A few random ideas- i want to model this story through the causes and effects of what religion- as shown by Trisha(as a priestess) can do to people, as well as- yep, what love does to overcome all obstacles. How society molds them to be the people that they are will also come into play- i believe that a character who symbolizes the 'freedom' of an outcast will be included.

i want to portray the kind of people who are trying to understand what they should do, as well as the true meaning of righteousness- not as a noble concept, but as how normal people live up to their own consciences and moral standards. how do you balance God and your earthly desires? I do not believe that everyone is perfect(me especially) and i'm wondering how i should reconcile that. Is it true that as long as you return to God that all your previous sins are absolved? What about the guilt that one suffers after everything?

I think why i'm suddenly writing about that is because these are questions that i've harboured for so long, suppressed. If i can write everything out, i believe that i'll feel much better, sighs... too bad that there's not enough time now...

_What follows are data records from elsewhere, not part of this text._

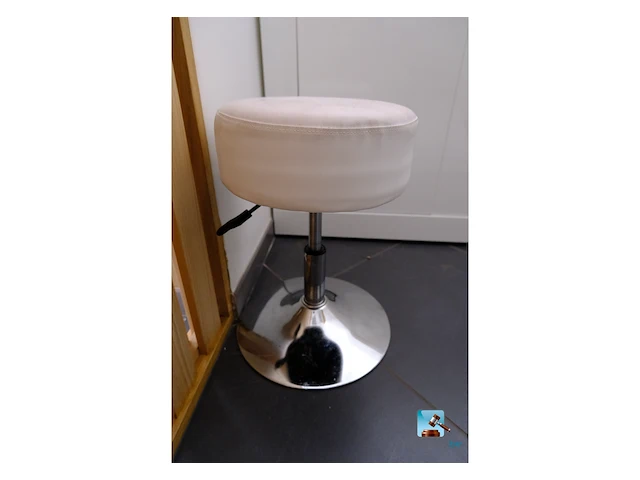 Set bestaande uit een elektrische fauteuil en een lage kast - afbeelding 8 van  11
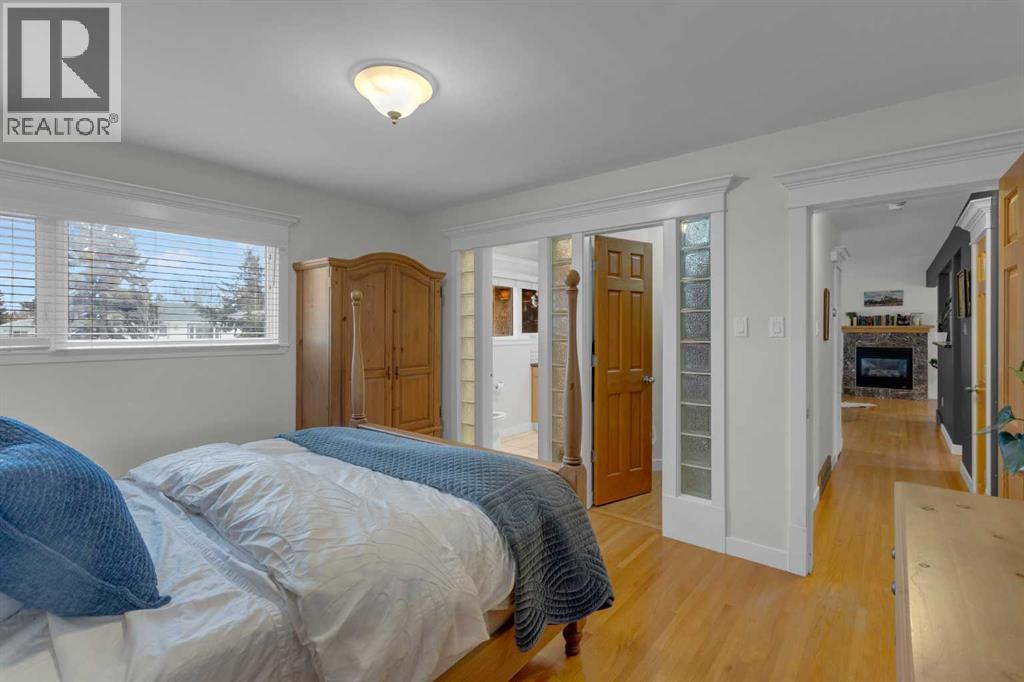 Single Family House Bungalow for Sale in   Avenue SW Glamorgan Calgary 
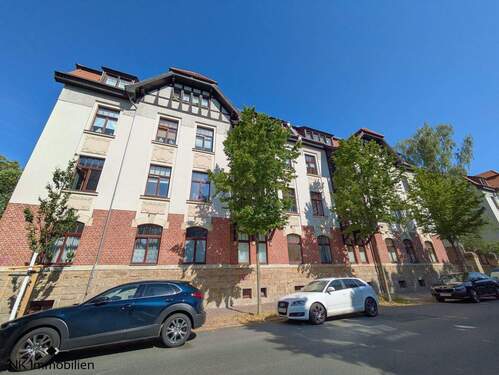 Gebäude (Vorderansicht) - 2 Zimmer Etagenwohnung zum Kaufen in Leipzig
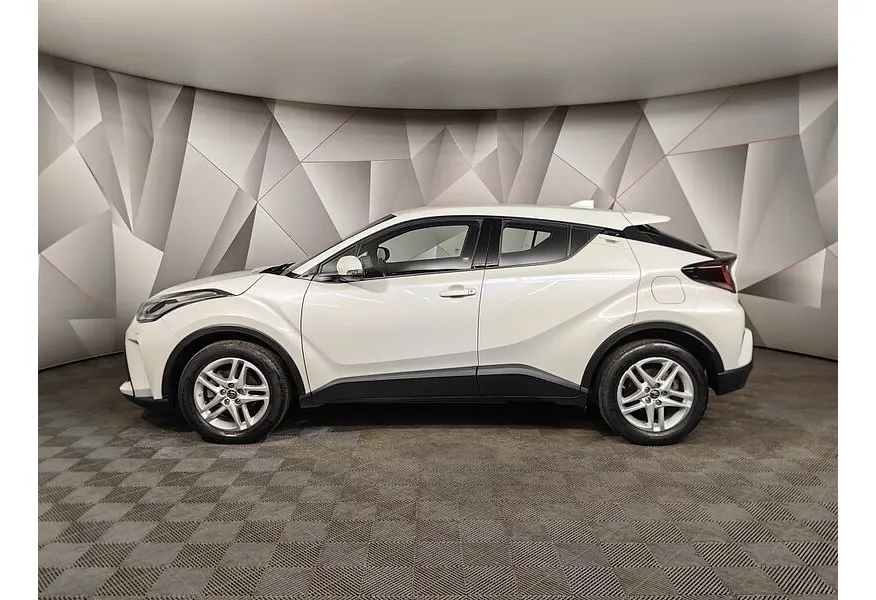 Toyota C-HR 2.0 CVT (148 л.с.) Белый в АВИЛОН. Слайд №5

Anyway, just to update: today the students from seameo came over for the exchange workshop, and i think they're really wonderful people. The boy that i helped was really friendly, and i do believe that he really regrets the quick departure. Such warmth and friendship from strangers, with only one shared experience that links us together! I'd probably never see him again, such is the marvel of God, for letting me meet someone so foreign that we hardly understood one another. His english wasn't very good, but i believe that we managed in the end. I felt quite touched as we shook hands repeatedly and had our group photo taken together. I really feel enriched by today's activity!